# Last night I lost one of my true hunting buds



## GooseBuster3 (Mar 1, 2002)

Last night my one of my hunting buddys Ive hunted with since i was a young'n drowned last night on the RedRiver in North Fargo. He was ice snowmobeling when his sled went through the ice. 
I just wanted to post this and say GUYS BE CAREFULL this year you have no idea what the ice is like, this weather mad the ice difficult to predict.

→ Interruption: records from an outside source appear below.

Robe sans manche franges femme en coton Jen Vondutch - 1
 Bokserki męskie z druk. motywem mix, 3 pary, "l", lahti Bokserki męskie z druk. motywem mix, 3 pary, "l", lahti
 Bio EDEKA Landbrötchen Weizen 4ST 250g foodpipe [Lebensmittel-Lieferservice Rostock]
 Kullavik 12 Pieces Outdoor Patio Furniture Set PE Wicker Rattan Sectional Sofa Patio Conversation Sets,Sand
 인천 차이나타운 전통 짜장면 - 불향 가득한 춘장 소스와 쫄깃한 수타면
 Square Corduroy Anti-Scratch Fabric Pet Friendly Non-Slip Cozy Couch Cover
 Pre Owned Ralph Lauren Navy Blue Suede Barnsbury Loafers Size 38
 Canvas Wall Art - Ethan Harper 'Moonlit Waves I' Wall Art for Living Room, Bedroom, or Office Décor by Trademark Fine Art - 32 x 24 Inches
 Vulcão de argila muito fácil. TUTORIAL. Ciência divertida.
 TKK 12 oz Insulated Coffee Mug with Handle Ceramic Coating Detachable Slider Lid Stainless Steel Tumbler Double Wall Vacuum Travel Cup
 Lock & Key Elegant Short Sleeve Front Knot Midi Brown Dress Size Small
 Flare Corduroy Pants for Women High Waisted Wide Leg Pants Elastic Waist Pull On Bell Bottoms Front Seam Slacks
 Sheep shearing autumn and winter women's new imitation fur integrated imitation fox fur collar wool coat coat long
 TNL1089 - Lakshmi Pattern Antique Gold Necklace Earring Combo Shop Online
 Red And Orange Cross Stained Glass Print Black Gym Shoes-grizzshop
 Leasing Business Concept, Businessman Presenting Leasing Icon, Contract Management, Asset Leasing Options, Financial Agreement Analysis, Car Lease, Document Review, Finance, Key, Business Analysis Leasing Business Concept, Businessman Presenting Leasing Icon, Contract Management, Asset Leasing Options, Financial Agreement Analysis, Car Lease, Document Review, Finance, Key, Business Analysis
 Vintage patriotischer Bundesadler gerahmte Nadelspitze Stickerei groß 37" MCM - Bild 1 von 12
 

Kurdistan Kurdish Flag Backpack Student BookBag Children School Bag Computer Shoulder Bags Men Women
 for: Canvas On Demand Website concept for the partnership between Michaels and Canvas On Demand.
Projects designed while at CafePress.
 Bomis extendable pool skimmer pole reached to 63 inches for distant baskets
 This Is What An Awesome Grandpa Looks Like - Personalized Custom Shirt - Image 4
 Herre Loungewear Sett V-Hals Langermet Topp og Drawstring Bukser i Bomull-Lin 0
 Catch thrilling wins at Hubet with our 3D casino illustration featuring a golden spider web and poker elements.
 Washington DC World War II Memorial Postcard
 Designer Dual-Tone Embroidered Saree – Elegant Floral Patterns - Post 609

Tyler this Next hunting season goes out to you Buddy, You will always be remebered.


----------



## MRN (Apr 1, 2002)

Sorry to hear about it - saw a little on the news last night. 
An awful tragedy.

M.


----------



## Matt Jones (Mar 6, 2002)

Sorry to hear that man, truly a huge loss. You just can't trust the ice anywhere this year.


----------



## Fetch (Mar 1, 2002)

Thats Horrible - sorry to hear it - It's not worth that - to bad it takes something like that to teach many a lesson.


----------



## djleye (Nov 14, 2002)

A terrible tragedy Goosebuster, sorry for your loss.


----------



## gandergrinder (Mar 10, 2002)

Man I'm sorry to hear that.


----------



## nodakoutdoors.com (Feb 27, 2002)

Losing friends is never easy. I feel for your loss.


----------



## Qwack (May 25, 2002)

Very tragic. What a terrible loss. My thoughts and prayers go out to you and the victim's family.


----------